Foi proposta também a redefinição das normas da sala de aula, do papel do aluno e do professor, a
criação de oportunidades de aprendizagem de atitudes valorizadas no grupo do qual faz parte e a
sinalização de momentos diferenciados de exigência e de troca de afeto. Buscou-se não incentivar
as fugas da sala de aula e a mobilização excessiva em decorrência das ações realizadas pelo aluno,
assim como a reversão do modo como ele recebia atenção em razão de ações inadequadas. A
pensar no cuidado dos diversos agentes envolvidos na elaboração e implementação de tais ações,
os resultados previstos poderiam ter sido atingidos. No entanto, a inclusão social não se faz somente
a partir das ações de agentes educativos. Como um fenômeno complexo, outras instâncias sociais
participam na implementação de suas práticas. Enquanto instância máxima, o Poder Judiciário
determinou o afastamento da criança do contexto escolar e sua institucionalização, considerando-a
como uma ameaça à comunidade escolar. Diante de tal decisão, coube aos profissionais da
educação associados a outros setores como o serviço social e de saúde fazer o possível, ouvindo os
interesses da criança, de sua família e oferecendo suporte para que pudessem ser preservados os
laços afetivos entre eles e preparadas as condições mais favorecedoras ao desenvolvimento do
aluno quando do seu retorno a escola. Infelizmente, os dados apresentados, com certeza, não
refletem o resultado esperado pela equipe da educação, mas, sobretudo, demonstram como outros
profissionais envolvidos com o contexto inclusão social, compreendem educação inclusiva. Com
intuito de enriquecer esse debate, este estudo pretende adicionar ao discurso científico, situações de
insucesso no movimento de transformação da sociedade com o processo de inclusão social e
educacional.
Introdução
A LDB 9394/1996 (Lei Diretrizes e Bases da Educação) e o Plano Nacional de Educação
determinam que a escola se mobilize para estruturar um conjunto de ações e providenciar recursos
necessários que garantam o acesso e a permanência de todos os alunos na escola.

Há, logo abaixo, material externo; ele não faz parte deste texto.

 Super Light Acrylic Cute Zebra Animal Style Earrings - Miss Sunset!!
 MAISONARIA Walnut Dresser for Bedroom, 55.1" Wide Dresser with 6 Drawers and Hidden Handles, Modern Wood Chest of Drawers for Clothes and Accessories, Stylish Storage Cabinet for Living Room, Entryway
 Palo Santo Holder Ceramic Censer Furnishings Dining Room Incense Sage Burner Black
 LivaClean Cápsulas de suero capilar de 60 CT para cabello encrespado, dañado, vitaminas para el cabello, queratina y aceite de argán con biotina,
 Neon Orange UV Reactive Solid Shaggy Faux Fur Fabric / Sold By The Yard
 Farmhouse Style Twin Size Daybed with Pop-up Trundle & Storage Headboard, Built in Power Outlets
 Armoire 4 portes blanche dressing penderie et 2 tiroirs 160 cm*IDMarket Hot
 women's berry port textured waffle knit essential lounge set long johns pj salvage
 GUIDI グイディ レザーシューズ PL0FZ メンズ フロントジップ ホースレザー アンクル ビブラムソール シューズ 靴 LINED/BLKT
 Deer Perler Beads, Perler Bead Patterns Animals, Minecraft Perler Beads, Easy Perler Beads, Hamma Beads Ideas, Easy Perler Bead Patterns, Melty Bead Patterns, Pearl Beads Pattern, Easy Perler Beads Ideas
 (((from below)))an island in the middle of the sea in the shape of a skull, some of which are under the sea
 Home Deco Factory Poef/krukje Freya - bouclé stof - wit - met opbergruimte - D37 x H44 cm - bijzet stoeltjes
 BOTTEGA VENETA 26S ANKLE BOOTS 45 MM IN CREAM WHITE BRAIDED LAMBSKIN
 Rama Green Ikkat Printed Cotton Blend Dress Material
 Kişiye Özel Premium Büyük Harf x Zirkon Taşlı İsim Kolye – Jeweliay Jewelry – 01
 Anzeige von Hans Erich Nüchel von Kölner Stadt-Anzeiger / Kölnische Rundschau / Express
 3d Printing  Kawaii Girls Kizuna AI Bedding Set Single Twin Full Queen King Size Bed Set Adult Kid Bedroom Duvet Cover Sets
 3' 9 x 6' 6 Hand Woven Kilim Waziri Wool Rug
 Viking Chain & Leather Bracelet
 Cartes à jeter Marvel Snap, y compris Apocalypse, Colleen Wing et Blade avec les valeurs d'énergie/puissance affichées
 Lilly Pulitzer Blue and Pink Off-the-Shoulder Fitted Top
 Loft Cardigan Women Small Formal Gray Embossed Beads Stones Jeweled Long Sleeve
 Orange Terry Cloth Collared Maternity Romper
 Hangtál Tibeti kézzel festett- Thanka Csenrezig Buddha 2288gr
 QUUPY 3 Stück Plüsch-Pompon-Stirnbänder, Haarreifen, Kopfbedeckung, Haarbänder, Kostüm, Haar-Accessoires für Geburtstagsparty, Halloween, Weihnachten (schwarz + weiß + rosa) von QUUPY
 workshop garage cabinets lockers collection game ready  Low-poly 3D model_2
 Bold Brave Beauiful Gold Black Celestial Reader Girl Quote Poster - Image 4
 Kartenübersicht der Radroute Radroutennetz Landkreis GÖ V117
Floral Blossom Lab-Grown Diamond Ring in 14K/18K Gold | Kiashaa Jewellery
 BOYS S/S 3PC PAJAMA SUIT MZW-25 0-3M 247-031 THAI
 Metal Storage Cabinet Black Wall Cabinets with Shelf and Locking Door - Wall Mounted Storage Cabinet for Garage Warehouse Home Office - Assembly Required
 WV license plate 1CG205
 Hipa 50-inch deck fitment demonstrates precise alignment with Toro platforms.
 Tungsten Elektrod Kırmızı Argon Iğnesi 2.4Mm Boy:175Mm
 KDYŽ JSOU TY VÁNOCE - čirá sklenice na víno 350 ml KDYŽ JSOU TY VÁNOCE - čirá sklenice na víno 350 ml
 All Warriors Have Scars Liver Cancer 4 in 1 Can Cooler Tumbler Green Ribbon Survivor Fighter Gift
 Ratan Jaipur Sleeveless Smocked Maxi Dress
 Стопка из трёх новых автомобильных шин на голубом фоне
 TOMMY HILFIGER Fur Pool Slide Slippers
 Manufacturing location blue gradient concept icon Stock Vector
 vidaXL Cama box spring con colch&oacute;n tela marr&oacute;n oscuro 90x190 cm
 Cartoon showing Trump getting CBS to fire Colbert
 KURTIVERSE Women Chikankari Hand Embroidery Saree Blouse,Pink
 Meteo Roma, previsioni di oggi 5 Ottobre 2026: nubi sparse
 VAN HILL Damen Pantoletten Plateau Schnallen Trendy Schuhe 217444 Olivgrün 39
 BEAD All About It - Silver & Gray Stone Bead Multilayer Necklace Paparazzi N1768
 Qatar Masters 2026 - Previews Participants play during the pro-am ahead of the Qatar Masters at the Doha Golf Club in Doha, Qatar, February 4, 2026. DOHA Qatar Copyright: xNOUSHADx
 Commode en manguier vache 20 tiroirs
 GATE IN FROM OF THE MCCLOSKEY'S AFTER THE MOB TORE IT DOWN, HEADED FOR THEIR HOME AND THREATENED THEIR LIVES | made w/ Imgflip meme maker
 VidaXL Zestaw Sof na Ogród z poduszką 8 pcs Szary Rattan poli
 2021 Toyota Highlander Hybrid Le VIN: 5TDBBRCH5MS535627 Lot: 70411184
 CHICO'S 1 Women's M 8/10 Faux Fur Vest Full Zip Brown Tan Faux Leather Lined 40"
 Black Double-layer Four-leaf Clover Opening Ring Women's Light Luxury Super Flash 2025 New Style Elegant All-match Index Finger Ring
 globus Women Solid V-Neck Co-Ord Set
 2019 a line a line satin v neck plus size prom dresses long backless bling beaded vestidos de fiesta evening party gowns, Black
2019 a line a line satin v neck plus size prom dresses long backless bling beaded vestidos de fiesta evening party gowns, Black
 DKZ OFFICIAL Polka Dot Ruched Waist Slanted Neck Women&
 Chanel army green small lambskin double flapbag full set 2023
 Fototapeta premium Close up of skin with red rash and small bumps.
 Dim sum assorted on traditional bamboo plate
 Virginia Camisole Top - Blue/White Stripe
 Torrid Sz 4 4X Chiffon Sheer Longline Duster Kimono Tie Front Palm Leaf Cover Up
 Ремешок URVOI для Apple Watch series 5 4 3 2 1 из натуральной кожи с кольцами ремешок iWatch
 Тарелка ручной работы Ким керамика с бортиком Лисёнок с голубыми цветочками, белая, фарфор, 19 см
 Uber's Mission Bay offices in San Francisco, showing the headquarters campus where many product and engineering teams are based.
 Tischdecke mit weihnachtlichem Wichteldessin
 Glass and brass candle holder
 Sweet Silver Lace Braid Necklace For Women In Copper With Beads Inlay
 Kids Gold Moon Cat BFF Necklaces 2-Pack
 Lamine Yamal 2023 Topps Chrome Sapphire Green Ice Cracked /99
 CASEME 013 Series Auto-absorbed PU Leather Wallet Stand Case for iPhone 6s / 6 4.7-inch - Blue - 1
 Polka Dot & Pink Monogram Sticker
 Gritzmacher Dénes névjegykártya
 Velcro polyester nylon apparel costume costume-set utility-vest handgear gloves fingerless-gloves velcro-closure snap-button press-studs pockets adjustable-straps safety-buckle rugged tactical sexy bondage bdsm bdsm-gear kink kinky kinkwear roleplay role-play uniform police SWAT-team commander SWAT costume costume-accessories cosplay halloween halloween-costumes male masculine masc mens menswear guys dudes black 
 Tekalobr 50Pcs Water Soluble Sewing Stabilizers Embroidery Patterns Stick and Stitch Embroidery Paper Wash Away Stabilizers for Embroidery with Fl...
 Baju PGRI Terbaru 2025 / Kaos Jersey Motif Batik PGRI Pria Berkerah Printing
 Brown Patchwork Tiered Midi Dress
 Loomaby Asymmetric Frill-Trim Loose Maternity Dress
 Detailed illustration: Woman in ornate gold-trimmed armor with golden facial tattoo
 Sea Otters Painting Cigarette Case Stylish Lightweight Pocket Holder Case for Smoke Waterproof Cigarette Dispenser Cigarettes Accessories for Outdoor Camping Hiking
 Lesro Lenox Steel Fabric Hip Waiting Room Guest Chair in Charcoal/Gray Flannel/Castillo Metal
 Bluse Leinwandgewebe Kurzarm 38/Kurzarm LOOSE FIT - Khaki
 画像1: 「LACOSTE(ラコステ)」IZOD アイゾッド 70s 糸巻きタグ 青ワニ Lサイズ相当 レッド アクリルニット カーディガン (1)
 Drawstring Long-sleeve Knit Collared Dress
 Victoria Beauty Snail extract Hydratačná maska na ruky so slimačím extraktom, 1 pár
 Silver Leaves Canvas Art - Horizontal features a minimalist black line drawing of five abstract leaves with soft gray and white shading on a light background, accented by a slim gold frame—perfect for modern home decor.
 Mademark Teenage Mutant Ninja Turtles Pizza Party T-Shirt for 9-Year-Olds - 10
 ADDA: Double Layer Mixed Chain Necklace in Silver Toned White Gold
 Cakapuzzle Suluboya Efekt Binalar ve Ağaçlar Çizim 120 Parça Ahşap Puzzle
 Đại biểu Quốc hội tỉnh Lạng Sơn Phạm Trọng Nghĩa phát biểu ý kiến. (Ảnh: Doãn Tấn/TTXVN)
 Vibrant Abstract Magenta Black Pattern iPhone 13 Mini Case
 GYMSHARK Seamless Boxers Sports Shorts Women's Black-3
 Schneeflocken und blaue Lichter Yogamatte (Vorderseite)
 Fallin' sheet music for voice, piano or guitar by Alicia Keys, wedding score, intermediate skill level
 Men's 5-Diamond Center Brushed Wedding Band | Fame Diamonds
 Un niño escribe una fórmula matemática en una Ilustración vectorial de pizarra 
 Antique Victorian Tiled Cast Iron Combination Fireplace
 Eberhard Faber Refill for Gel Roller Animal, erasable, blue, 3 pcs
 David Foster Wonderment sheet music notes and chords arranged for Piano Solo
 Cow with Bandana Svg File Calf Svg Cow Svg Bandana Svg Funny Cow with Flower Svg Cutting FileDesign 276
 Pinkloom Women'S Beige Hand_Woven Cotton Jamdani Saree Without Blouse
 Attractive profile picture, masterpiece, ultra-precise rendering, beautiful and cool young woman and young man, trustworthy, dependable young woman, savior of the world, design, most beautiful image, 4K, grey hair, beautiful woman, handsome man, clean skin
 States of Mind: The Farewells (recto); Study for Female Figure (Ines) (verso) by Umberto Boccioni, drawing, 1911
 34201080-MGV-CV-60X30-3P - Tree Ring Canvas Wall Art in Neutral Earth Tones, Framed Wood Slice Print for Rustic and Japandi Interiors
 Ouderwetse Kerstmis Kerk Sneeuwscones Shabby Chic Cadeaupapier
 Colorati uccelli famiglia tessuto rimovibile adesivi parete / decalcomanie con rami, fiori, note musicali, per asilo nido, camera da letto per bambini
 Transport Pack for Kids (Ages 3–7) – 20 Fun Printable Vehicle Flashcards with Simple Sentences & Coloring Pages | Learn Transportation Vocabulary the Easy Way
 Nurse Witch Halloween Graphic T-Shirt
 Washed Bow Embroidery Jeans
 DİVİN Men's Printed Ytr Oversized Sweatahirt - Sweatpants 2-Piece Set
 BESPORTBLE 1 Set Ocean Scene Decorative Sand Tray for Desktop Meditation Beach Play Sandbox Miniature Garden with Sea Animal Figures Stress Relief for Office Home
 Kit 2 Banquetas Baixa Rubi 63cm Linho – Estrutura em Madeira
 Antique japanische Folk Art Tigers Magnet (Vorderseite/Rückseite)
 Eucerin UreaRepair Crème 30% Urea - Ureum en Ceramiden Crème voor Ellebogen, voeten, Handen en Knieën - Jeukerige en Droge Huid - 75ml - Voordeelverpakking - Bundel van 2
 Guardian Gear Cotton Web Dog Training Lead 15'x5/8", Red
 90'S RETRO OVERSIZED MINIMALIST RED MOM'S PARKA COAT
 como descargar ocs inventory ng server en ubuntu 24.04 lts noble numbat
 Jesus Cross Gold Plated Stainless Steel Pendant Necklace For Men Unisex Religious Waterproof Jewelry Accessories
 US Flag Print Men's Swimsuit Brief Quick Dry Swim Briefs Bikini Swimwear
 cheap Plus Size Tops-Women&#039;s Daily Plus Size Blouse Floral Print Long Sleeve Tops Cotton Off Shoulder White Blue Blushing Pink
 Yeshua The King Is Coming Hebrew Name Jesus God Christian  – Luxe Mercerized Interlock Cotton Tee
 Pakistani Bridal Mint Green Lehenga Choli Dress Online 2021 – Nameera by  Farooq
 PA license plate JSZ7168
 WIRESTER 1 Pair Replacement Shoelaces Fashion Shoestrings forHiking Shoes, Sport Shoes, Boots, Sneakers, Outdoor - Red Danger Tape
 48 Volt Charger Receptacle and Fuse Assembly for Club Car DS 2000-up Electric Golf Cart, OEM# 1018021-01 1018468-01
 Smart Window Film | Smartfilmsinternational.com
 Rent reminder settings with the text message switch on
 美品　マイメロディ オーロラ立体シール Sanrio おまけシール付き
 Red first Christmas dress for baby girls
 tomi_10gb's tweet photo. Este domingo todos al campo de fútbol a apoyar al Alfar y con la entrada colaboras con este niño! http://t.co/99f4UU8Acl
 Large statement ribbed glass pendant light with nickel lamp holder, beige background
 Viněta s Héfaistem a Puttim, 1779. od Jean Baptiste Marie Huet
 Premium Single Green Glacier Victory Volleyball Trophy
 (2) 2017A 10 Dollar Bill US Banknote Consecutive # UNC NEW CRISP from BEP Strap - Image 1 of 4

Nenhum profissional de educação nega a importância da inclusão, no entanto, muitos se
mostram resistentes ao atendimento do aluno com necessidades educacionais especiais. É usual
observar, por parte dos professores, o relato de receituários e a formalização de passos bem
definidos para conduzir o processo de ensino e de aprendizagem desses alunos, dentro e fora da
sala de aula comum (MANTOAN, 2001; ARANHA, 2004; FERREIRA, 2004; GÓES, 2004).
Ao considerar que o estabelecimento da educação inclusiva ainda é recente em nosso país,
novas propostas de Formação Continuada surgem para promover uma contínua reflexão dos
profissionais do ensino sobre os métodos e conhecimentos teóricos da aprendizagem dos alunos.
Quando se pretende modificar as concepções e conseqüentemente as práticas dos
professores, é necessário que haja a discussão sobre o modo como concebem o processo de
ensino aprendizagem, suas percepções sobre a escola e suas relações com a sociedade, a fim de
possibilitar novas formas de atuação (LEITE, 2003; MAZZEU, 1998; RUEDA 1996).
Na perspectiva educacional inclusiva entende-se que a diversidade faz parte da natureza
humana e, portanto, o trabalho pedagógico deve, necessariamente, ser diverso e adequado, para
garantir a aprendizagem de todos os alunos, por maiores que sejam suas diferenças.
Os princípios da inclusão aplicam-se a todos e não apenas aos alunos com deficiência,
necessidades educacionais especiais ou, ainda, que apresentem situação de desvantagem econômica
e/ou social. Retratam a possibilidade de que os alunos com necessidades educacionais ou não
possam se beneficiar do ensino regular.
É nesse sentido que esforços estão sendo mobilizados para a construção de um saber teórico
e prático para dar suporte à implementação da educação inclusiva, possibilitando soluções a essas
dificuldades sinalizadas.
De acordo com o exposto, foi elaborado e executado um programa de educação continuada,
pelas docentes autores deste trabalho em parceira com a Secretaria de Educação de um município
do interior do estado de São Paulo, para fornecer suporte técnico e cientifico na viabilização da
construção de um sistema Educacional Inclusivo1.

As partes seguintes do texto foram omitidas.